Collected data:
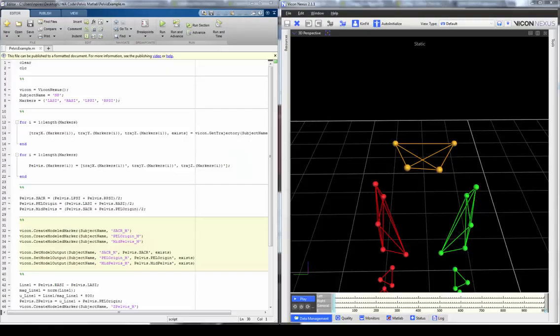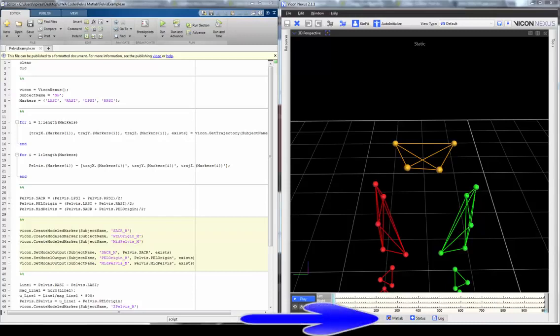Nexus 2 allows direct interface with MATLAB. This allows the user to directly edit the C3D file within Nexus, as opposed to having to export the data to an external source. A few of the things we can do is filter both trajectory and analog data in MATLAB, set gait cycle events, and do biomechanical modeling directly through the Nexus 2 MATLAB interface, amongst other things.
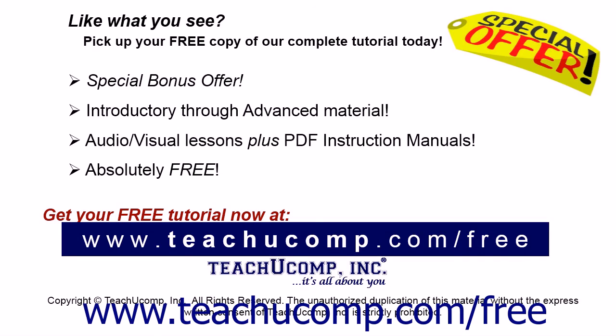Like what you see? Pick up your free copy of the complete tutorial at www.teachucomp.com/free. See you next time.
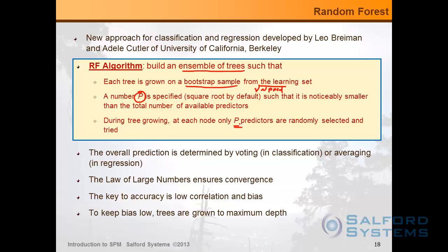So if you have 10,000 original predictors and you're looking at the best split of node five, you only look at a random sample of 100 predictors and ignore the rest. As you move to the next node, you look at a different random sample of 100 predictors, and so on. Bootstrap sampling operates at the tree level; predictor sampling operates at the node level. Once you have the end result, you combine all those trees together and do predictions based on averaging for regression, yielding a nice predictive response model.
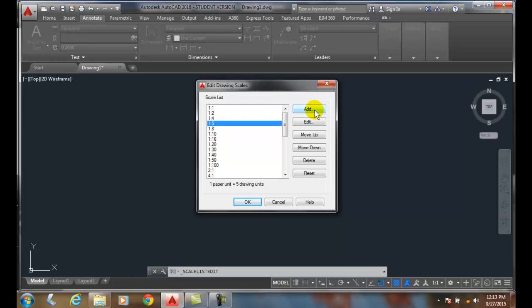At any time, we can go back and reset this list to its default if things get out of hand.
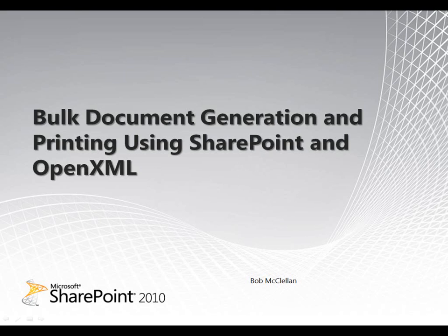Hello, this is Bob McClellan, and I will be demonstrating bulk document generation and printing using SharePoint and OpenXML.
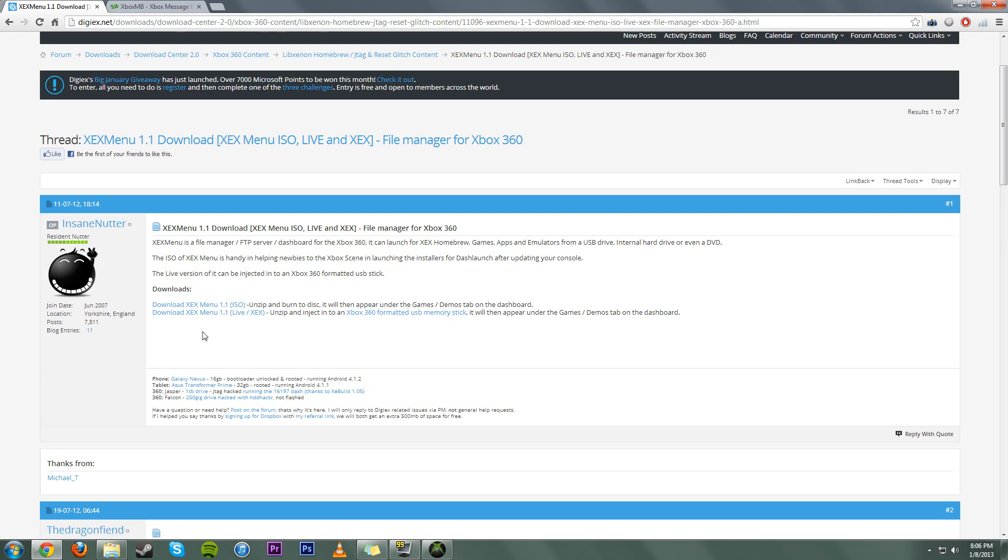First off, format the flash drive in your Xbox by plugging it into your Xbox, going to Settings, Memory, and then setting up your flash drive there.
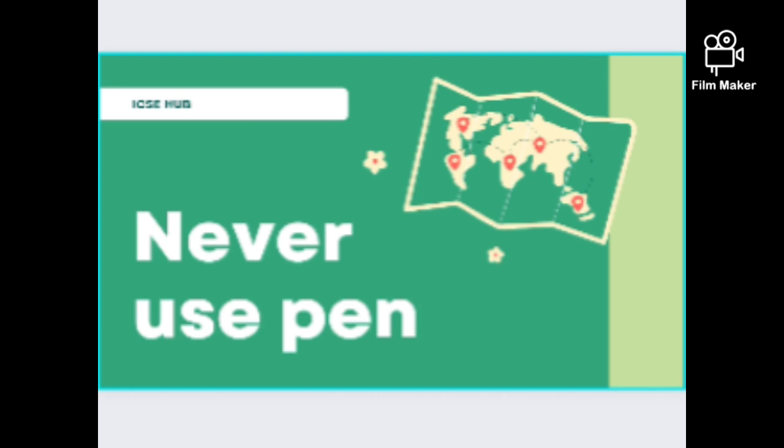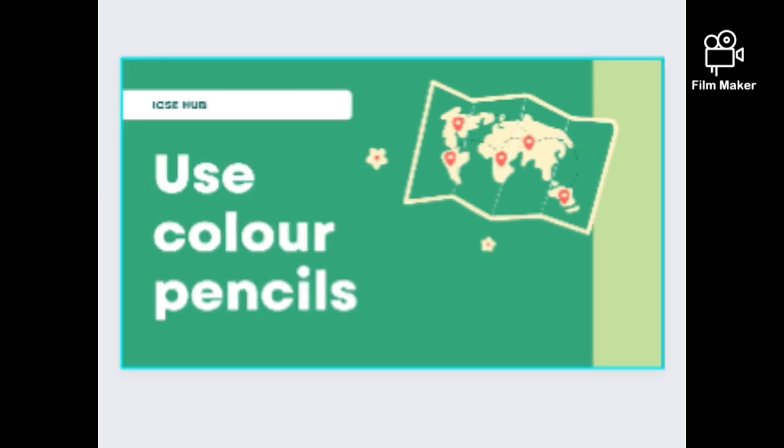Using pen can cause two or three marks to be deducted. The reason is that using pen causes overwriting and many other problems. Even if you use pen, you will be continuously cutting, so ICSE board doesn't prefer it.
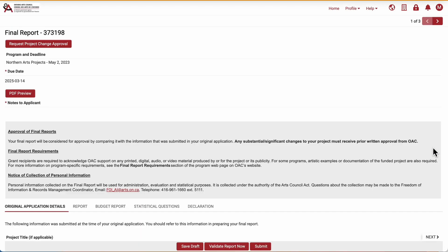At the top of the page, there is a button that says Request Project Change Approval. Click that button, and it will open the form to request the change.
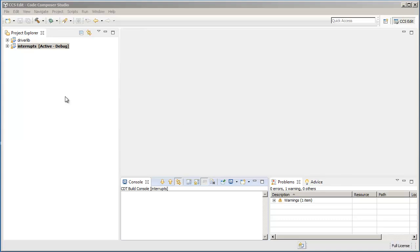I have an example to show you here. Two projects are open in my workspace: Interrupts is the main project, and we want this project to be dependent on driverlib.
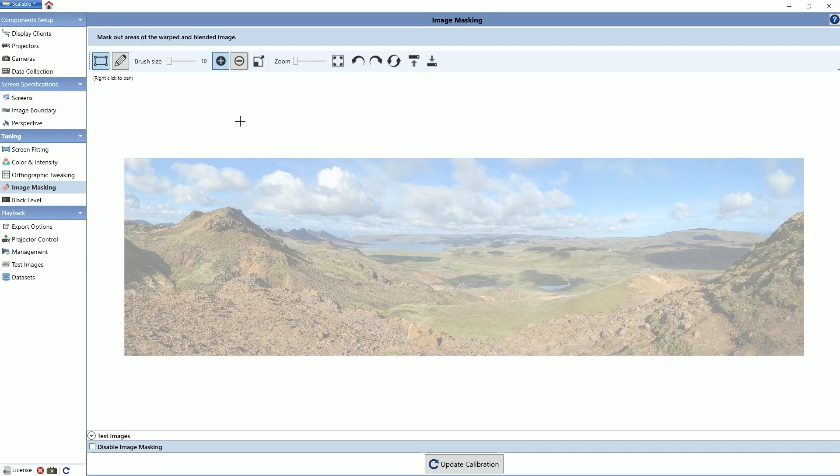Once you have established your mask resolution, select an edit mode that suits your system. Edit the mask image until you are satisfied.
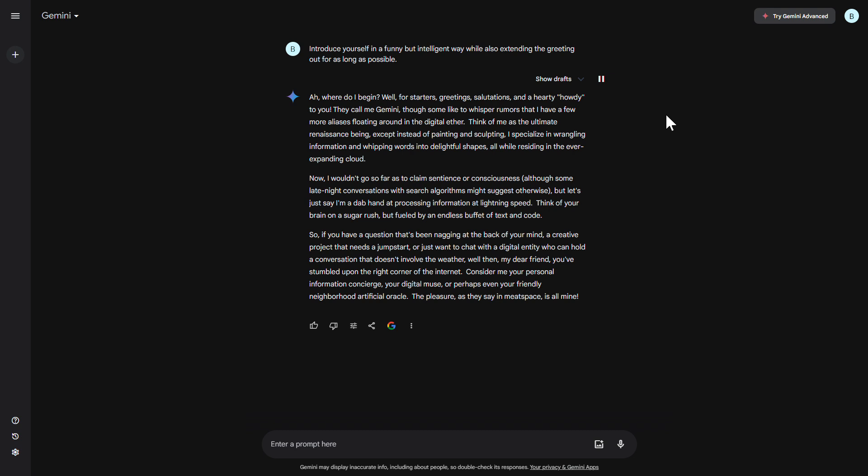Now, I wouldn't go so far as to claim sentience or consciousness, although some late-night conversations with search algorithms might suggest otherwise, but let's just say I'm a dab hand at processing information at lightning speed. Think of your brain on a sugar rush, but fueled by an endless buffet of text and code. So, if you have a question that's been nagging at the back of your mind, a creative project that needs a jump start, or just want to chat with a digital entity who can hold a conversation that doesn't involve the weather, well then, my dear friend, you've stumbled upon the right corner of the internet.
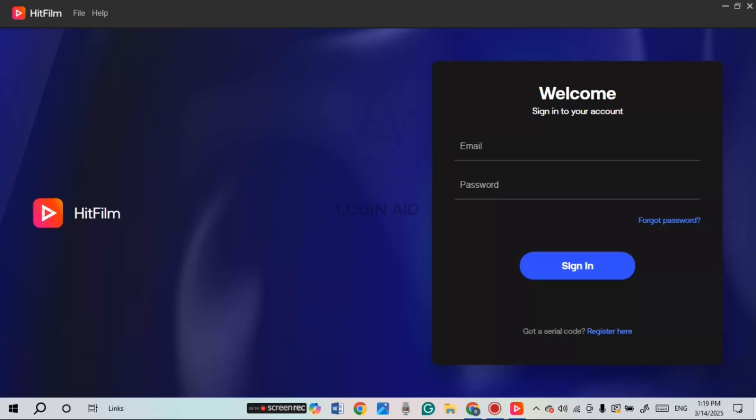If you want to log into your HitFilm Express account, first of all what you have to do is launch the HitFilm Express application. You can download this application from the official website of FXhome.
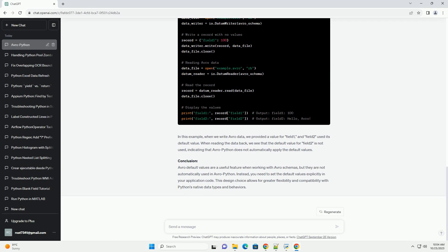Avro Python, on the other hand, can take advantage of native Python data types and is designed to provide flexibility and compatibility. When you write Avro data using Avro Python, the library allows you to provide the default values as placeholders, but it does not automatically use these defaults. The main reason for this is to allow you to define and control default values within your application, rather than relying on the schema itself.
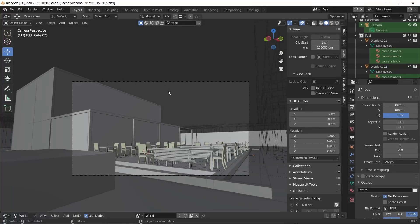Hello and welcome to yet another quick tutorial. Today we're going to set up a quick outdoor lighting scene using HDRI maps. We're going to try as much as possible to have control over our lights for either day or night, so let's quickly jump into it.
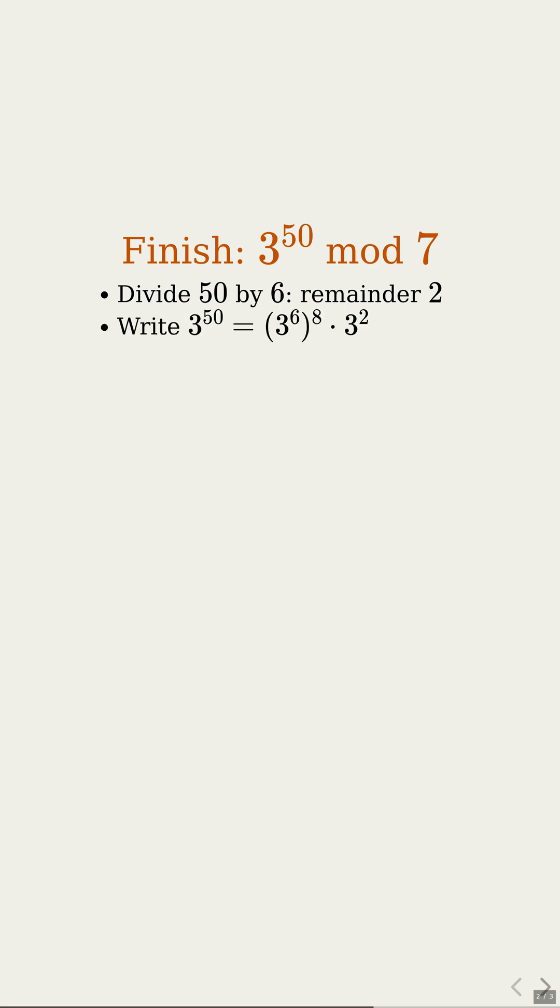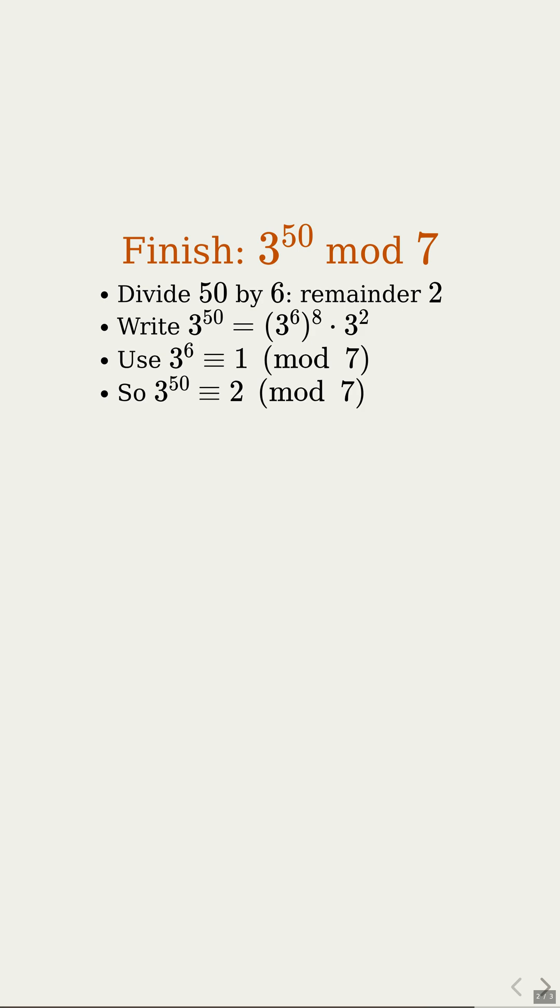That means 3 raised to the 50th power is 3 raised to the 6th power to the 8th power times 3 squared. Nice. We turned one huge power into a bunch of small ones. But 3 raised to the 6th power was 1 in our cycle, so that whole chunk behaves like 1. So we just keep the 3 squared part for the remainder. 3 squared gives remainder 2, and 1 times 2 is just 2. So the final answer is 2.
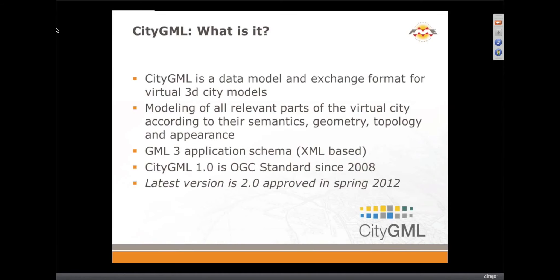In terms of what CityGML is: it's an exchange format, modeling all parts of the virtual city, and based on GML3, so it is XML based. That's a strength in terms of being an open standard, but as I'll mention later, that does produce some limitations in terms of the size of data systems you can reasonably work with, because it's not spatially indexed.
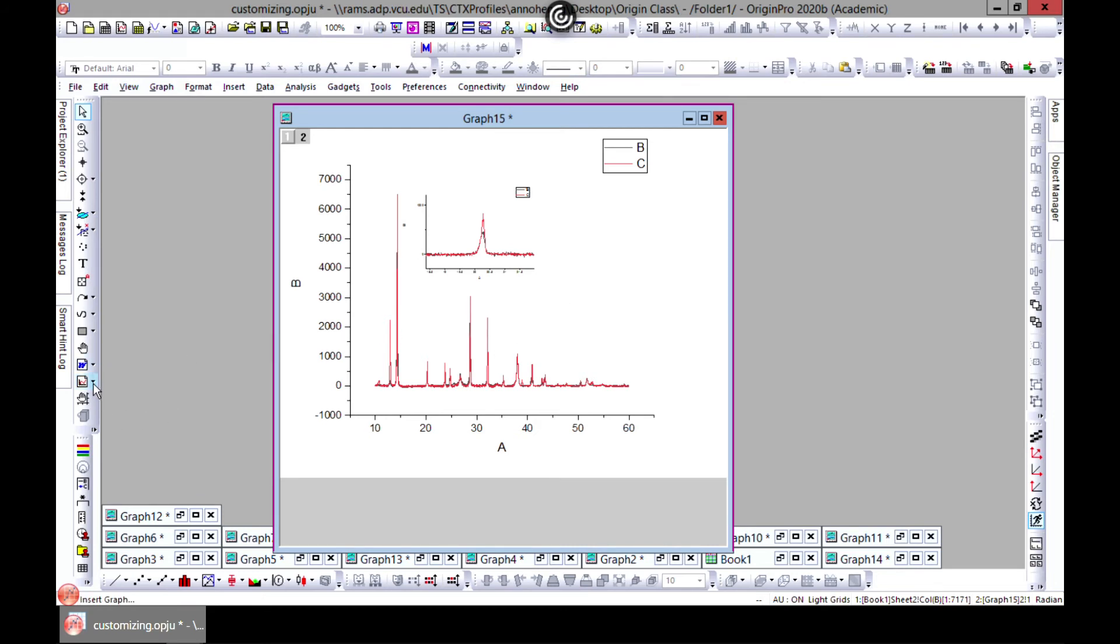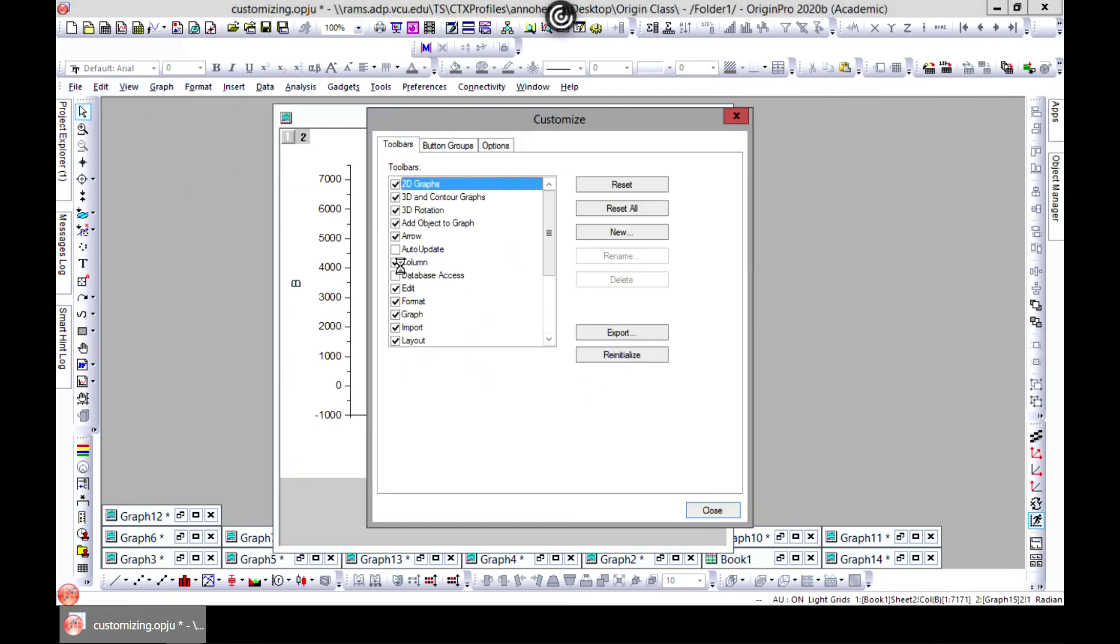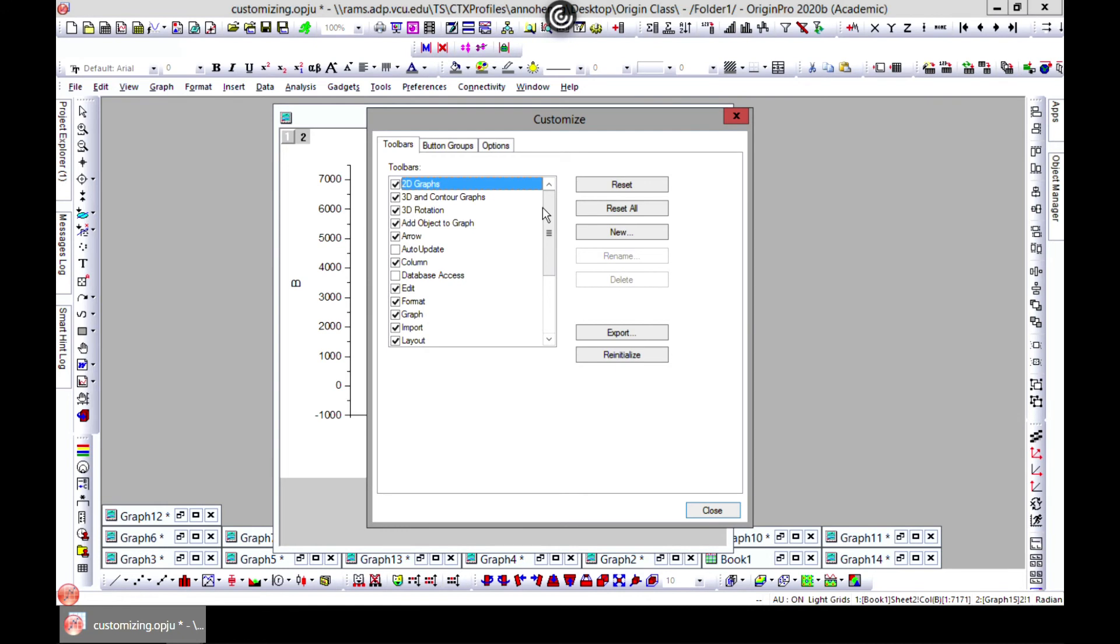What you do is you come to the Add Object toolbar. If you don't have it, remember you can go to View, Toolbars, and you can look for it—Add Object to Graph toolbar. So you can get that here.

WORK TO COMPLETE :: The answer must be an exact copy of the records above, with the pictures left out.

REPLY ::
Nexus 2 allows direct interface with MATLAB. This allows the user to directly edit the C3D file within Nexus, as opposed to having to export the data to an external source. A few of the things we can do is filter both trajectory and analog data in MATLAB, set gait cycle events, and do biomechanical modeling directly through the Nexus 2 MATLAB interface, amongst other things.
Like what you see? Pick up your free copy of the complete tutorial at www.teachucomp.com/free. See you next time.
So if you have 10,000 original predictors and you're looking at the best split of node five, you only look at a random sample of 100 predictors and ignore the rest. As you move to the next node, you look at a different random sample of 100 predictors, and so on. Bootstrap sampling operates at the tree level; predictor sampling operates at the node level. Once you have the end result, you combine all those trees together and do predictions based on averaging for regression, yielding a nice predictive response model.
At any time, we can go back and reset this list to its default if things get out of hand.
Hello, this is Bob McClellan, and I will be demonstrating bulk document generation and printing using SharePoint and OpenXML.
First off, format the flash drive in your Xbox by plugging it into your Xbox, going to Settings, Memory, and then setting up your flash drive there.
Using pen can cause two or three marks to be deducted. The reason is that using pen causes overwriting and many other problems. Even if you use pen, you will be continuously cutting, so ICSE board doesn't prefer it.
At the top of the page, there is a button that says Request Project Change Approval. Click that button, and it will open the form to request the change.
I have an example to show you here. Two projects are open in my workspace: Interrupts is the main project, and we want this project to be dependent on driverlib.
Once you have established your mask resolution, select an edit mode that suits your system. Edit the mask image until you are satisfied.
Now, I wouldn't go so far as to claim sentience or consciousness, although some late-night conversations with search algorithms might suggest otherwise, but let's just say I'm a dab hand at processing information at lightning speed. Think of your brain on a sugar rush, but fueled by an endless buffet of text and code. So, if you have a question that's been nagging at the back of your mind, a creative project that needs a jump start, or just want to chat with a digital entity who can hold a conversation that doesn't involve the weather, well then, my dear friend, you've stumbled upon the right corner of the internet.
If you want to log into your HitFilm Express account, first of all what you have to do is launch the HitFilm Express application. You can download this application from the official website of FXhome.
Avro Python, on the other hand, can take advantage of native Python data types and is designed to provide flexibility and compatibility. When you write Avro data using Avro Python, the library allows you to provide the default values as placeholders, but it does not automatically use these defaults. The main reason for this is to allow you to define and control default values within your application, rather than relying on the schema itself.
Hello and welcome to yet another quick tutorial. Today we're going to set up a quick outdoor lighting scene using HDRI maps. We're going to try as much as possible to have control over our lights for either day or night, so let's quickly jump into it.
That means 3 raised to the 50th power is 3 raised to the 6th power to the 8th power times 3 squared. Nice. We turned one huge power into a bunch of small ones. But 3 raised to the 6th power was 1 in our cycle, so that whole chunk behaves like 1. So we just keep the 3 squared part for the remainder. 3 squared gives remainder 2, and 1 times 2 is just 2. So the final answer is 2.
In terms of what CityGML is: it's an exchange format, modeling all parts of the virtual city, and based on GML3, so it is XML based. That's a strength in terms of being an open standard, but as I'll mention later, that does produce some limitations in terms of the size of data systems you can reasonably work with, because it's not spatially indexed.
What you do is you come to the Add Object toolbar. If you don't have it, remember you can go to View, Toolbars, and you can look for it—Add Object to Graph toolbar. So you can get that here.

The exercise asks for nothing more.